(1929) Les Méfaits de l’instruction publique (1972) « 7. L’instruction publique contre le progrès » pp. 50-56

7. L’instruction publique contre le progrès

Un beau titre. Et qui a meilleure façon que le reste, pensez-vous. Il faut avouer qu’avec ce je ne sais quoi de déclamatoire, de… journalistique, de bedonnant creux, cela vous a un petit air démocratique, hé ! hé !… et d’ailleurs, vous aimez les idées généreuses, n’est-ce pas ? J’en étais sûr.

Cependant j’ai peur que mon progrès ne soit pas le vôtre, et même que sa nature ne l’entraîne dans une direction tout opposée.
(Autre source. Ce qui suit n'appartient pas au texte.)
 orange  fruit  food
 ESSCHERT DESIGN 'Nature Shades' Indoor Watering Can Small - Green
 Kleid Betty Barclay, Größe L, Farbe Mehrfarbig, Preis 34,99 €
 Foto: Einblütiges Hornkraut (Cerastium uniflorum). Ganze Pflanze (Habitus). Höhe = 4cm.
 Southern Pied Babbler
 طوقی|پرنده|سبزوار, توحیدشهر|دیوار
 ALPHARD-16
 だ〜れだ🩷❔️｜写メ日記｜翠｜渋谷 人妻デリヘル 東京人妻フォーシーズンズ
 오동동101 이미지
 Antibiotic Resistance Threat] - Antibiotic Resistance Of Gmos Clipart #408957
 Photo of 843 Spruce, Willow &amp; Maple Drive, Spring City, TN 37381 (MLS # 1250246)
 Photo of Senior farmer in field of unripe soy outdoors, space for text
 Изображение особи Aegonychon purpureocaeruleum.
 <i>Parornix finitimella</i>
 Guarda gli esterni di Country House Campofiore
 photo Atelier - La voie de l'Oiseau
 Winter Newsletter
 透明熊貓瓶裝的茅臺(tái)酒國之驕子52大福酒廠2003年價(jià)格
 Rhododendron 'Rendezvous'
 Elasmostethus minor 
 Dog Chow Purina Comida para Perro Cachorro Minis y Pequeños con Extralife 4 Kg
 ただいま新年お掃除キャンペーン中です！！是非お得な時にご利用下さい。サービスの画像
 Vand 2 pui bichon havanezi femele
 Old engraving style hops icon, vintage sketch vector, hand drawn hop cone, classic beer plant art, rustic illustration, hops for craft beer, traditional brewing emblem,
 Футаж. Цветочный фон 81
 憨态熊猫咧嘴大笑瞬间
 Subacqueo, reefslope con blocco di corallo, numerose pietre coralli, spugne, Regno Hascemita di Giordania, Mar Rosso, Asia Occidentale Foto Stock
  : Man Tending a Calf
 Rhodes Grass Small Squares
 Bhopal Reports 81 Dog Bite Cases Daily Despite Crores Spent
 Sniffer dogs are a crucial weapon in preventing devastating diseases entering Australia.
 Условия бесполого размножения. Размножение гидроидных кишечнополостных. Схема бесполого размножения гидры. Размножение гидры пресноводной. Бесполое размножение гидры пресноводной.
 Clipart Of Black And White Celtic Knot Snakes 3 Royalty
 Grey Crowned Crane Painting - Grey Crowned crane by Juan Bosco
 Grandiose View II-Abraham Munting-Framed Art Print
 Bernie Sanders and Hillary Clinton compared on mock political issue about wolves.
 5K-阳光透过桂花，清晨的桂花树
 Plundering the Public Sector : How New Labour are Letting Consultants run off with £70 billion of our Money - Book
C’est très malin d’avoir inventé un instrument de progrès : encore faut-il le mettre en marche. Et où le conduire ? Il y a beaucoup de routes, mais vous n’aimez pas le risque, vous préférez le surplace. Ainsi l’instruction publique s’est arrêtée aux environs de 1880 et depuis lors n’a guère bougé. Le moteur n’en continue pas moins de consommer, ronfler et de tout empester. Et peu à peu le public perçoit que « l’instrument de progrès » n’est qu’un camouflage à l’abri duquel on distille du radicalisme intégral. On me fera observer que beaucoup des servants de la machine sont socialistes ou conservateurs : voilà qui ne change pas le rendement, j’imagine, ni la nature des produits excrétés.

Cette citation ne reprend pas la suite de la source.